The RES contest began shortly after 1 p.m. CD Raed Elazzawi read the rules to the 24 assembled pilots and we began flying under gray skies with 10 mph wind, making downwind treks slightly risky unless the pilot’s RES aircraft was loaded.
After round one, a shower delayed proceedings, so pilots congregated in the barn until the rain passed. Round two was flown in improving conditions and occasionally sun poked through to get the air percolating. As the overcast broke, flying was awesome.
We managed to get two more 8-minute rounds in before the setting sun caused Raed to end the contest. In contention for a win, I found myself scratching low with my SuperAva in the final round. I finally succumbed a minute short to hand the contest win to Jeff Duval, who was flawless through three rounds. Jeff is another local talent who practices incessantly and performs to a high standard.
In third place was Joey Melchoirre, slightly edging out John Kennedy.

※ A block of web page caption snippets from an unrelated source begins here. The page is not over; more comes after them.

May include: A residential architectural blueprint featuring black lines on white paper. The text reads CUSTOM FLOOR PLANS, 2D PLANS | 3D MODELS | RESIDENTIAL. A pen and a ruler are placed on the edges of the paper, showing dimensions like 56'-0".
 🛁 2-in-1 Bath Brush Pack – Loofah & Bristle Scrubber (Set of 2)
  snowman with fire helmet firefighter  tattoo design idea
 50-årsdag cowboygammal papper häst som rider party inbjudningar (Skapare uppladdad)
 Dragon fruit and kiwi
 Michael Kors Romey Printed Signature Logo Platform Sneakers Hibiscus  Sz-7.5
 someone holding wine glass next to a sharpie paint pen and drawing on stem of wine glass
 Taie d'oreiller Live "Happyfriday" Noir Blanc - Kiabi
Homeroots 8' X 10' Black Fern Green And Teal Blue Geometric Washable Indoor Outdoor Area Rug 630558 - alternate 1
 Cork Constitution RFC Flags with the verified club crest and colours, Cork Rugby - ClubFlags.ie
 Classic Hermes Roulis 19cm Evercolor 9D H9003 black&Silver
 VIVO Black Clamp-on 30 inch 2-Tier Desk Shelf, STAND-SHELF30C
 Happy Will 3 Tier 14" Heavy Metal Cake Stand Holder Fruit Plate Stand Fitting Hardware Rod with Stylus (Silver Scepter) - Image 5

The Tangerine has uniquely crafted, personalized awards made by US Soaring Team pilot Jody Miller.
Three of us camped in the barn for the weekend and when we awoke at dawn on Saturday, we were greeted by clear skies and crisp, cool air. Saturday’s Unlimited contest began in mild conditions with a 7-10 mph breeze forecast to build from the northeast.
New arrivals overnight brought 41 starters to attend Raed Elazzawi’s 9 a.m. pilots’ meeting. David Beach introduced his scoring software used by the Eastern Soaring League.
The first three rounds were flown in five groups with random man-on-man (MOM) assignments, which were posted on the board for pilots to arrange for their timers. The fourth and remaining rounds were seeded MOM groups, and David’s software made the scoring and contest directing an easy task.
The first three rounds were relatively uneventful. Most pilots found the conditions favorable and used the air to make the 8-minute max. After lunch, the cycling conditions and strengthening breeze during round five caused some groups to struggle to make time. In Group C, Buddy Bradley took 1,000 with a hard-fought 6:16-71. The following group also suffered, but Derek Khaw, after a decade away from Soaring, took the top points with a 5:49-92.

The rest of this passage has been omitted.